One-third of the resumes had a cover letter that identifies the applicant as having a spinal injury, one third identifies having Asperger's syndrome and the other third said nothing about a disability, said Lisa Schur, a chair of the Department of Labor Studies and Employment Relations and member of the research team.

“We waited and counted up how many employers responded, and if it made a difference if the cover letter said if that person had a disability or not,” Schur said.

The results were shocking, said Mason Ameri, a doctoral candidate at the School of Management and Labor Relations and another research team member.

“What was more surprising and troubling to us was that the more experienced applicants with disabilities were 34 percent less likely to receive interest,” Ameri said.

There were applicants who had six years of great experience and were superstars in their companies, but never received a call back because of their disability, Schur said.

The study found discrimination was concentrated among the most experienced applicants, she said.

The resumes were sent to small, medium and large accounting firms to see how the size of the firm impacted the study, Ameri said.

“The medium and large size firms essentially committed to the Americans with Disabilities Act and on the flip side we see that the small firms basically are in some ways committing discrimination,” he said.

This data can teach something about the experience component that was manipulated by the researchers.

"How much is enough?
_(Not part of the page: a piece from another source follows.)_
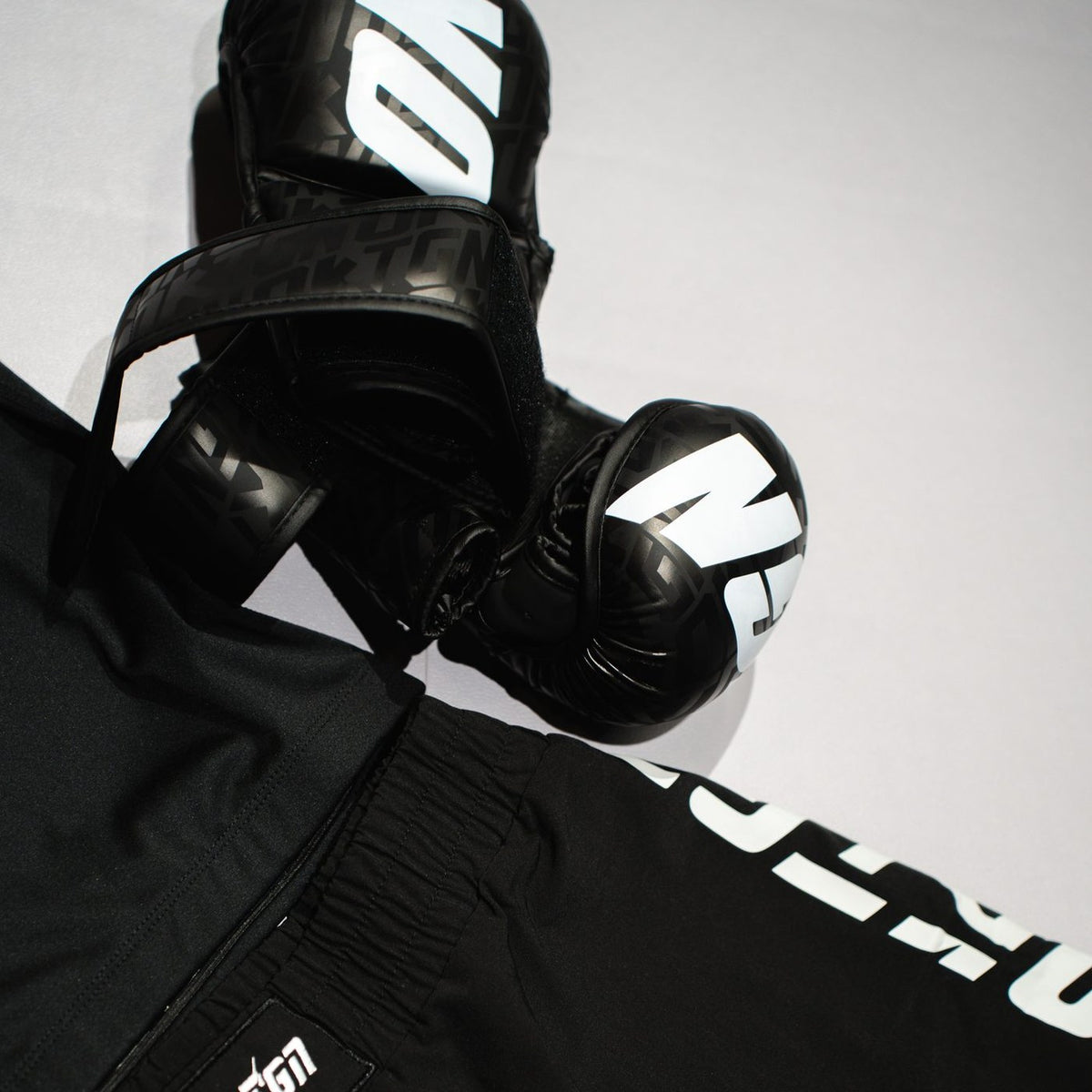 Gants MMA OKTGN et short OKTGN Elite V2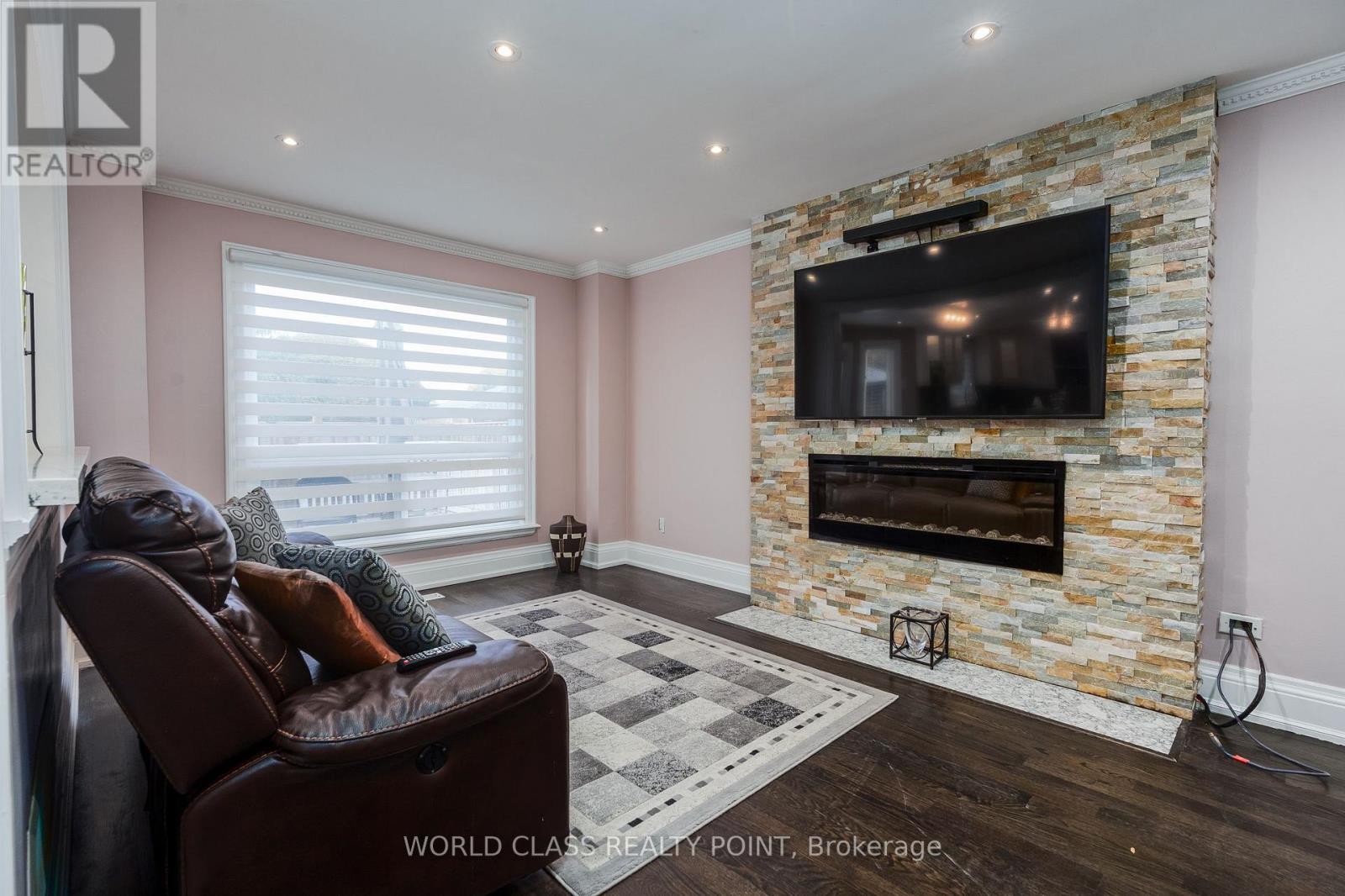 1448 Mayors Manor, Oakville, Ontario  L6M 3B1 - Photo 16 - W12947942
Perhaps there will never be enough for someone with a disability when it comes to evaluating an employer," he said.

Meera Adya, director of research at the Syracuse University Burton Blatt Institute, teamed up with researchers from Rutgers.

“Based on past research, we anticipated we’d see discrimination, but we didn’t anticipate the magnitude of the effect,” she told Rutgers Today.

The researchers emphasize the fact that the discrimination against the experienced applicants was mostly seen by the small firms not covered by the Americans with Disabilities Act, Schur said.

“It’s good news that the large companies comply with the law,” she said. “The bad news that it is not enough to get an education and have the qualifications if people with disabilities are still going to face discrimination.”

The researchers believe that the small firms do not have the knowledge of the federal mandate and are not familiar with state discrimination laws, Ameri said.

“Maybe they do not have a robust human resource department or proper legal system to be familiar with the policy or law or proper infrastructure,” he said. “It could also be that they are unaware, or the practical reason can be that they are small and may not be able to afford such accommodations.

The smaller companies do not have to comply with the Americans with Disabilities Act, so they do not know if there is a state law that would prohibit them from discrimination, Schur said.

“This study shows that the law is working to some extent, and we may also have to amend the Americans with Disabilities Act just to include some small-sized firms so that they can commit to potentially hiring people with disabilities,” Ameri said.

The study originally began at Syracuse and then reached Rutgers through Schur, who brought it to Ameri’s attention. The project got started three years later and is now recognized worldwide.

“Syracuse has an institute for disability research and they have done amazing research on disabilities, and we have partnered with them in the past,” Schur said.

The research study will be continued by having interviews with small firms and address the cognizant component that will address this phenomenon, she said.

“I think overall, what this study offers is that it’s peeling away at the phenomenon of disability and employment,” Ameri said. “It’s the fear of the unknown, a matter of stereotype or stigma, and if we can address that, that will help triangulate the data we have, along with data from future experiments.”